Ron Jones (born 1941) is an American writer, pedagogist, and former teacher in Palo Alto, California. He is best known for his classroom exercise called "The Third Wave" and the book he wrote about the event, which inspired the made-for-TV movie The Wave and other works, including a theatrical film in 2008. The original TV movie won the Emmy and Peabody Awards. His books The Acorn People and B-Ball have also been made into TV dramas. Jones lives in San Francisco, California where he regularly performs as a storyteller.

==Career==
In April 1967, while working as a teacher at Cubberley High School in Palo Alto, Jones created a project with his 15-year-old World History students in which they experienced the growth of a fascist movement, called The Wave. Jones intended for this to be only a week-long exercise. He had a designed lesson plan which included a salute, a slogan, and a secret "police" force. The experiment was ended by Jones after complaints from teachers and parents. Jones then revealed that it was an exercise intended to give students a direct experience of how easily they could be misled into behaving like fascists, drawing parallels to the rise of the National Socialist movement in Germany.

Jones says that he was refused tenure at Cubberley High School as a result of his anti-war activities two years after the experiment. There were large student protests against this decision.
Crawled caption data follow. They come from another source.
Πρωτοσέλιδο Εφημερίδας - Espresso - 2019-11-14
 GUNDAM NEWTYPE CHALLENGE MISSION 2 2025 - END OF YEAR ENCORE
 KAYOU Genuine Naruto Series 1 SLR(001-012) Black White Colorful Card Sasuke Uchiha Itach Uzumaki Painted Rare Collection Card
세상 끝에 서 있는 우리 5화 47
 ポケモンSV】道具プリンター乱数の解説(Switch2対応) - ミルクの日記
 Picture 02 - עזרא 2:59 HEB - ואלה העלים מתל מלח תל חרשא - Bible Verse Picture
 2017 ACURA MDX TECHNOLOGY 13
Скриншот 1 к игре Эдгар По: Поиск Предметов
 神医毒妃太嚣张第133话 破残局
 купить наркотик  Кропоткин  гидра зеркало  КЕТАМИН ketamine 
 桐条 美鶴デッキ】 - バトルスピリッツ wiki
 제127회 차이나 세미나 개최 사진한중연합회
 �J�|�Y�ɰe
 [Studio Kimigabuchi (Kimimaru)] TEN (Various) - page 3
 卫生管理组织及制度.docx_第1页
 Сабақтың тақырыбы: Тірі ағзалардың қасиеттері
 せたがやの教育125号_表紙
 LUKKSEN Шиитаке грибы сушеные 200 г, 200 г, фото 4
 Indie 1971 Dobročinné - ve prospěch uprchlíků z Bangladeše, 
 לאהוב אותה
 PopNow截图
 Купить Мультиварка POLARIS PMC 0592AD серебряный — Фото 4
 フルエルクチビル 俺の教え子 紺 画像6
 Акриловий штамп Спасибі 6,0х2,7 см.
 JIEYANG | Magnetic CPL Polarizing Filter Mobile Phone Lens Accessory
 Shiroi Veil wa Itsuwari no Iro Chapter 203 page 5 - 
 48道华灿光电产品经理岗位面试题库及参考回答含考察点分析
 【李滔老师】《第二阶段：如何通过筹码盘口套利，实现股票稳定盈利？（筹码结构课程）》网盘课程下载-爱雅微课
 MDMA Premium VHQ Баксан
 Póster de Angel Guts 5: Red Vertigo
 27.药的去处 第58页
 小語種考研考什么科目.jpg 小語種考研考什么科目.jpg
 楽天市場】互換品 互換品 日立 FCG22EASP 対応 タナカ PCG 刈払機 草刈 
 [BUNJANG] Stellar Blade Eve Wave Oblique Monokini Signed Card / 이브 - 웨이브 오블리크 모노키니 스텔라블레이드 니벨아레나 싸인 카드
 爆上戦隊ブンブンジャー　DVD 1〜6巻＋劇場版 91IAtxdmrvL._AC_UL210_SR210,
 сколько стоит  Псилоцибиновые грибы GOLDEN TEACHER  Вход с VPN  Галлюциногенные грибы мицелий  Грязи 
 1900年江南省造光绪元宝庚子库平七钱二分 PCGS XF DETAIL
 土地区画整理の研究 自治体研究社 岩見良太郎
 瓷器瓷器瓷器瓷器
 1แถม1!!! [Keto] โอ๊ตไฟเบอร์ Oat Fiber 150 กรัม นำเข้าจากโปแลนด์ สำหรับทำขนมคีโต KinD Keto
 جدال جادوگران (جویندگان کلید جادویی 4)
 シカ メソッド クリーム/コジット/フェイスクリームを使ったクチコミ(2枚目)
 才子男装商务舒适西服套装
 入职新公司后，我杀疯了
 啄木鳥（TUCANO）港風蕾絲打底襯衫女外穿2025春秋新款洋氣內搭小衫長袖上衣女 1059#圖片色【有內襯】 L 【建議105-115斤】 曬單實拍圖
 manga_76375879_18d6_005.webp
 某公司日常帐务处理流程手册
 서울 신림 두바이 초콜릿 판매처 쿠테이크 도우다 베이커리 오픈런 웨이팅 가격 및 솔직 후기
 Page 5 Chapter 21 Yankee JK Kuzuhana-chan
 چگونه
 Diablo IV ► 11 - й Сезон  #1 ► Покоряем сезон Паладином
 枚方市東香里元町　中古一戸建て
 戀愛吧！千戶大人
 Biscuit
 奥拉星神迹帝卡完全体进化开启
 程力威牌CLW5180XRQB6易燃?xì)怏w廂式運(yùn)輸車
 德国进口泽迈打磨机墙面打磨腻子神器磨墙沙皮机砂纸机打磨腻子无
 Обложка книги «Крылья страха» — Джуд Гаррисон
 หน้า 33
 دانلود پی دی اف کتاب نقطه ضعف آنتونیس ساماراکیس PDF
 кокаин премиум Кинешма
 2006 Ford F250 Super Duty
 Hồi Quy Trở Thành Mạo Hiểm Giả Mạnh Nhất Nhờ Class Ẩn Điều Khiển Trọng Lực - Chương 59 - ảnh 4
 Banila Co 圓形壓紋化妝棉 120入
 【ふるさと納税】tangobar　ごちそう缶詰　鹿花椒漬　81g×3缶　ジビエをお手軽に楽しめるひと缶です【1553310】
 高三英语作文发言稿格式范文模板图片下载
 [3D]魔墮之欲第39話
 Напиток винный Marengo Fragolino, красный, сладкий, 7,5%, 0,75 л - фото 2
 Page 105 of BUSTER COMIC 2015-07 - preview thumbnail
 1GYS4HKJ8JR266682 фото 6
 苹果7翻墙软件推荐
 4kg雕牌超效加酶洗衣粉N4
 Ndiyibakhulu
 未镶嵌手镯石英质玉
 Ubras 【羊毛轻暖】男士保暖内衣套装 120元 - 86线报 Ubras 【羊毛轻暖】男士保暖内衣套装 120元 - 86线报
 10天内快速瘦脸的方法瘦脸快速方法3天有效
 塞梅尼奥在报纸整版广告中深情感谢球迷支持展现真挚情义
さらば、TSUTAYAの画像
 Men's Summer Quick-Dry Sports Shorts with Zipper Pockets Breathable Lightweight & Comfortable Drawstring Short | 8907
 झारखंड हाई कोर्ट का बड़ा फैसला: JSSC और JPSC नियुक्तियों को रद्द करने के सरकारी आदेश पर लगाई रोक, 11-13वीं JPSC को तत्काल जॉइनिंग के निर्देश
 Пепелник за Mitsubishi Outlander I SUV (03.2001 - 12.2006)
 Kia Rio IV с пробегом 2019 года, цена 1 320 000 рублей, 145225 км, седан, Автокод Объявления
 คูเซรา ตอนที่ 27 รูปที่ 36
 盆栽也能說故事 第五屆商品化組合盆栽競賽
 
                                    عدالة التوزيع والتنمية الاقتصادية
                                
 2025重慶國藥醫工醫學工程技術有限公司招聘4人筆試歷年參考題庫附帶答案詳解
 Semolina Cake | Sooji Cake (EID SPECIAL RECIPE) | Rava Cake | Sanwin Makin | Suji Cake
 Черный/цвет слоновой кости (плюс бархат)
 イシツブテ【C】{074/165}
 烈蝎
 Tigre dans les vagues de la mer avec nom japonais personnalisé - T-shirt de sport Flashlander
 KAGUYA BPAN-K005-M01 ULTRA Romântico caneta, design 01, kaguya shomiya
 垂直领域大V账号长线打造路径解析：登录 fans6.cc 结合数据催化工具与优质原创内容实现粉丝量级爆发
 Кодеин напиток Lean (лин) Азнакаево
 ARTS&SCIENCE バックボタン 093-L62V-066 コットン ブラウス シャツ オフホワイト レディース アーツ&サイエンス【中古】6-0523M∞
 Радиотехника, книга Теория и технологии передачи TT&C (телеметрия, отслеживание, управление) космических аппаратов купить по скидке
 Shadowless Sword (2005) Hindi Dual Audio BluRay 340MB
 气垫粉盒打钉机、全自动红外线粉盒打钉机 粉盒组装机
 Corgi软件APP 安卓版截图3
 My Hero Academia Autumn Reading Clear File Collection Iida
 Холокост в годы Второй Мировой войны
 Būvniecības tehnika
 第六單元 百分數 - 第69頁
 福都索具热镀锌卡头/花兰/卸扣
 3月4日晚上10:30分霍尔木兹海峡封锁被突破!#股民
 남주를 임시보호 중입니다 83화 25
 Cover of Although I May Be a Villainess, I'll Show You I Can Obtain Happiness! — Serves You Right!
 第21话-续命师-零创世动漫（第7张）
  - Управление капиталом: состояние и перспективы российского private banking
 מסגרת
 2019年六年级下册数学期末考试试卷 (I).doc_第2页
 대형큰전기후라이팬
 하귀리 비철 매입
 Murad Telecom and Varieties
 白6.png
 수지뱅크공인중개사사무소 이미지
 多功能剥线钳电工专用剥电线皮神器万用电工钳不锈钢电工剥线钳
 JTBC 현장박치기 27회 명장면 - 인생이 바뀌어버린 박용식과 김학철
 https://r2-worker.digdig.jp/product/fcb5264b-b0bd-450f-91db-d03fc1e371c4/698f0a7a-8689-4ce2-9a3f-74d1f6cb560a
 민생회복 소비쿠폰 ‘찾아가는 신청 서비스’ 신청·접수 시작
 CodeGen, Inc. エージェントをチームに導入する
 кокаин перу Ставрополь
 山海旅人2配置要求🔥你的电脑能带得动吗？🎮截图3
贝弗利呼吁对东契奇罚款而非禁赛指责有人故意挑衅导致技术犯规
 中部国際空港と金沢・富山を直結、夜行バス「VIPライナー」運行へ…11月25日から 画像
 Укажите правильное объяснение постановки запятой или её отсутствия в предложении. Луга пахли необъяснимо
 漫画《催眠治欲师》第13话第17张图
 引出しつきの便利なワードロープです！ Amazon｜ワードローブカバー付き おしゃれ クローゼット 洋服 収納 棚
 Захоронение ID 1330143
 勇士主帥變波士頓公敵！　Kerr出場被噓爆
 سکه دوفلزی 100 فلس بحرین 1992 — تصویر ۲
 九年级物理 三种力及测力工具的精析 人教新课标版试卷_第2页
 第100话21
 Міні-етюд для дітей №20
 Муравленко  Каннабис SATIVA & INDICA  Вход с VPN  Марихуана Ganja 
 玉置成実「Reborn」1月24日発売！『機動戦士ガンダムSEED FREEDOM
Jones has spent the past 30 years working with people with mental disabilities and has written a number of books.

== Personal life ==
Jones was raised on 46th Avenue in the Sunset District during the 1940s and 1950s.

He lives in the Haight Ashbury of San Francisco, with his wife Deanna. He is Jewish.

==The Wave==

1967 – "The Third Wave," a classroom simulation. Jones created a week-long project for his sophomore History class at Cubberley High School in Palo Alto that was studying Nazi Germany. The experiment was designed to explore the question of how was it that the people of Germany could allow the rise of Fascism under National Socialism and claim ignorance of the atrocities that were committed by them to neighbors and friends. Jones called the classroom experiment "The Third Wave" which simulated how a movement aimed at eliminating democracy can be created, even in a free society.

1976 – "Take as Directed", a short story by Jones about the experiment was first published in the CoEvolution Quarterly (and a few years later in "The Next Whole Earth Catalog". In the 1981 book No Substitute for Madness, it was retitled "The Third Wave".

1981 – The Wave, a TV movie produced by Norman Lear's T.A.T. Communications, starring Bruce Davison, which appeared as an ABC Afterschool Special.

1981 – The Wave, The Classroom Experiment That Went Too Far, a novelization of the TV movie by Todd Strasser (published in Europe under the pseudonym Morton Rhue).

2003 – Finix a musical based on the book and the movie starring Ethan Freeman premiered in Vienna. The musical was written as part of an anti violence campaign.

2008 – Die Welle (The Wave), a German film, directed by Dennis Gansel. This retelling takes place in a German classroom of 2008.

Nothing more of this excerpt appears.